The feature extractor in our model is implemented using a 50-layer ResNet, which has been pre-trained on datasets provided by the ImageNet platform. From this model, we have chosen two output points. The first one produces a 14x14 volume, which we use as input for the keypoint detection module. The second output point generates a vector with 2048 features, which we use as input for the clothing item localization and classification module. The set of features computed between the first and second output points can be interpreted as global features of the image. This allows our model to effectively analyze the overall structure and content of the image, contributing to its accuracy and efficiency in detecting objects and keypoints.
The clothing item localization and classification module consists of an intermediate dense operation and two outputs. One output performs the bounding box regression for the clothing item, while the other predicts the clothing item’s class, encoded in a one-hot format. The regression output is trained using the mean squared error loss function, while the classification output is trained using the cross-entropy loss function, applied in conjunction with the softmax activation.
The keypoint detector can be interpreted as applying a small localizer for each spatial position of the feature extractor’s output volume, implemented with convolutional operations. In other words, the intermediate layer has a 3x3 filter and 1024 activation maps, which is equivalent to applying a dense operation with an output vector of 1024 features. Subsequently, we apply the dense operation to each of these feature vectors using a convolutional operation with a 1x1 filter. This approach enables our model to effectively detect keypoints of interest on the clothing items within the image.
We train each branch of the model separately during 40 iterations, batch size of 30 and Adadelta optimizer. The Garment localizer achieves: 100% accuracy on classification and 43% classification+localization. The Landmark detector achieves: 37.8% mAP.
We have shown a possible way to perform landmark detection together with garment localization, based on a object detection approach. We should notice, though, the fact that for some landmark classes the AP is 0% i.e., no predictions are made. This, together with the fact that many hyper-parameters can be tweaked and the dataset is not very large, hints to the fact that better results could be obtained. To attempt to tackle more complex problems, different from simple classification and/or regression, it is important to understand each type of module, and the gradient descent dynamics.
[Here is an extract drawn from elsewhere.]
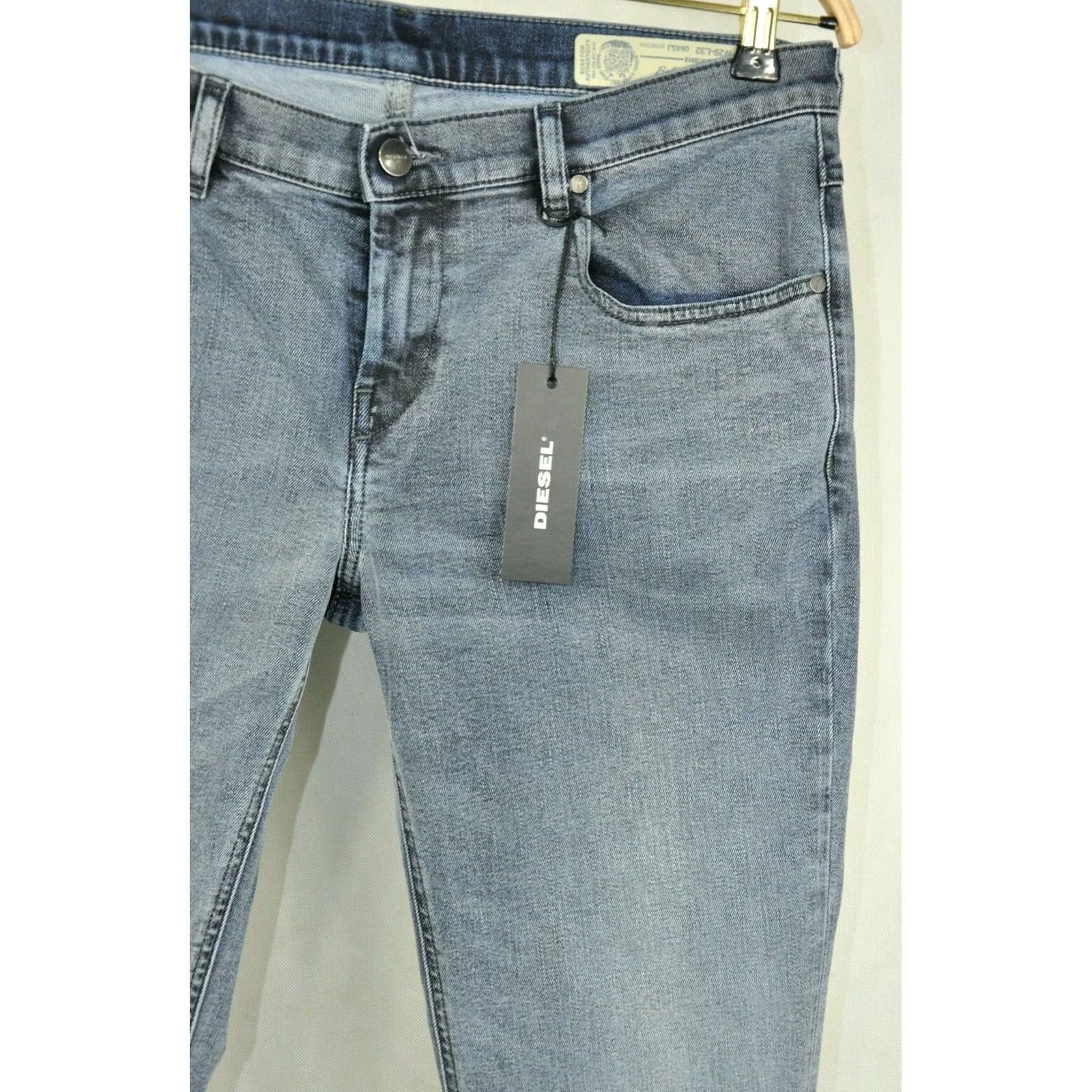 Diesel DIESEL Belthy ANKLE -D 084SJ STRETCH REGULAR SLIM-STRAIGHT LOW WAIST Jeans W29/L32 Blue Womens Jeans Size 29" - 5 Thumbnail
When implementing custom losses or layers, the vectorial paradigm is always present. Better tools for the development of such systems can be envisioned, that would contribute to quicker design and implementation iterations. Instead of attempting to extract all the landmarks and garment class+localization in one step, other approaches should be considered. For instance, given an image what’s the best point to grasp? Or, how much folded is the present garment piece?